Aunque no nos guste la idea debemos reconocer que, todos los niños, son egoístas y que al paso del tiempo, es una característica que se mantiene en nuestra vida ya como adultos.
Tal vez mi primer recuerdo consciente de ello lo tuve cuando, a los 8 años, mi hermano, un año menor que yo, me explicó el ejercicio que hacía constantemente para “quitarse” eso que no tenía nombre y que no era otra cosa que egoísmo.
-Cuando estoy comiendo mi “Gansito” y ya me lo voy a terminar, le pregunto a alguien si quiere el último cachito que es el que más me gusta- me dijo, compartiendo lo que parecía algo muy importante para él.
En ese momento no entendí el “porqué” hacía algo tan tonto. Yo, contra su práctica, me alejaba del grupo cuando engullíamos los panecillos rellenos y volvía sólo hasta que todos hubieran terminado. Y, deliberadamente, guardaba la mayor parte para comerlo frente a todos y ver como sus caras se entintaban con un poquito de codicia. Sí, me complacía ver surgir algo de envidia en los ojos de mis hermanos.

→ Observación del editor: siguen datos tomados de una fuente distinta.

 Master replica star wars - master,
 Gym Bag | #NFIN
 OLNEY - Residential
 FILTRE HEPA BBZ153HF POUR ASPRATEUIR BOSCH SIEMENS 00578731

Muchos años después entendí la extraña actuación de mi hermano y vi, mejor dicho, disfruté de los frutos de su constante práctica para vencer el egoísmo. De aquel ensayo nació un espíritu generoso y desapegado. Y, en lugar de aquellos panecillos cubiertos de chocolate, comenzó a dar ayuda, tiempo, consejo, apoyo material o todo aquello que el prójimo necesitara.
A mis cincuenta y uno, finalmente comprendo que las virtudes se pueden aprender y como en todo aprendizaje, es importante practicarlas para llegar a dominarlas con maestría.